16th Chief of Air Staff
- Incumbent
- Assumed office 19 March 2021
- President: Arif Alvi Asif Ali Zardari
- Prime Minister: Imran Khan Shehbaz Sharif Anwar-ul-Haq Kakar (Care Taker) Shehbaz Sharif
- Preceded by: ACM Mujahid Anwar Khan

Personal details
- Born: 16 April 1965 (age 61) Sidh, Gujrat District, Punjab, Pakistan
- Education: Combat Commanders' School (PAK); Command & Staff College (UK); National Defence University (PAK); Royal College of Defence Studies (UK);

Military service
- Allegiance: Pakistan
- Branch/service: Pakistan Air Force
- Years of service: 1986 – present
- Rank: Air Chief Marshal
- Commands: DCAS (Administration); DCAS (Air Defence); ACAS (Training Officers); ACAS (Ops Req & Develop); DG Projects; DG Air Force Strategic Command; Additional Secretary (II), Ministry of Defence; PAF Base Minhas; 15th Squadron (Cobras);
- Battles/wars: 2022 Pakistani airstrikes in Afghanistan; 2024 Iran–Pakistan border skirmishes; Afghanistan–Pakistan clashes (2024–present); 2024 Pakistani airstrikes in Afghanistan; 2025 India-Pakistan standoff; 2026 Afghanistan–Pakistan war;
- Awards: See list

= Zaheer Ahmad Babar Sidhu =

16th air chief marshal of Pakistan

Air Chief Marshal Zaheer Ahmad Babar Sidhu (Note: Punjabi, ) NI(M)  HJ HI(M) SI(M) TI(M) (born 16 April 1965) is a Pakistani military officer who has served as the Chief of Air Staff of the Pakistan Air Force since 2021. In service since 1986, Babar took over command of the Pakistan Air Force from his predecessor ACM Mujahid Anwar Khan.
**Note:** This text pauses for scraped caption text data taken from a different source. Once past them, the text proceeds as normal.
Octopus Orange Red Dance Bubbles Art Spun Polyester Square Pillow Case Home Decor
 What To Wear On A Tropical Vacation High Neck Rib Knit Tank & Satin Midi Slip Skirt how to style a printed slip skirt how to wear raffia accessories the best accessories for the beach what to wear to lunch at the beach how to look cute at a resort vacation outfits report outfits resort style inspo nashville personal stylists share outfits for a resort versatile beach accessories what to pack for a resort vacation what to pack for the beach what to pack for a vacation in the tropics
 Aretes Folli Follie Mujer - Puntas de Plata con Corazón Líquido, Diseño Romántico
Zaheer was granted a one-year extension to his tenure on 17 March 2024, making him the second chief in Pakistan Air Force history to receive such an extension after Anwar Shamim, who received an extension during the military government of General Zia Ul Haq in 1981.

In November 2024, the Government of Pakistan revised the tenure of the service chiefs of the Pakistan Armed Forces from three to five years, which consequently extended Sidhu's term as Air Chief until March 2026.

On 5 December 2025, Sidhu's term as Air Chief was once again extended for the period of two years till March 2028.

Under Sidhu's command, Pakistan Air Forces has carried out five cross-border airstrikes against various terror groups involved in the activity against Pakistani state. This includes 2022 Pakistani airstrikes in Afghanistan, 2024 Pakistani airstrikes in Iran, March 2024 Pakistani airstrikes in Afghanistan and December 2024 Pakistani airstrikes in Afghanistan, 2025 PAF Airstrikes in Afghanistan. Under Air Chief's Sidhu's watch PAF drone and jets also seen action during 2025 Afghanistan-Pakistan conflict.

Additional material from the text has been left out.